» Task to complete
In the material below, find the line with "Luxury home community"; set down that line and every line after it to the end, exactly, without pictures.

Source data section start

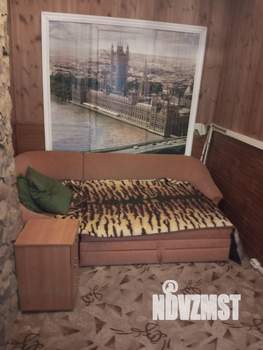 1-к квартира, на длительный срок, 30м2, 1/1 этаж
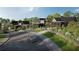 Luxury home community with modern homes and landscaping at 176 Railroad St, Canton, GA 30114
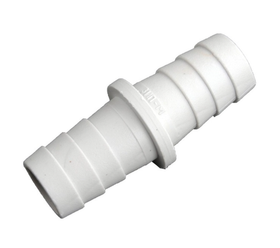 Соединитель сливных шлангов для стиральных машин d=22х22 мм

Source data section end

» Exercise result
 Luxury home community with modern homes and landscaping at 176 Railroad St, Canton, GA 30114
 Соединитель сливных шлангов для стиральных машин d=22х22 мм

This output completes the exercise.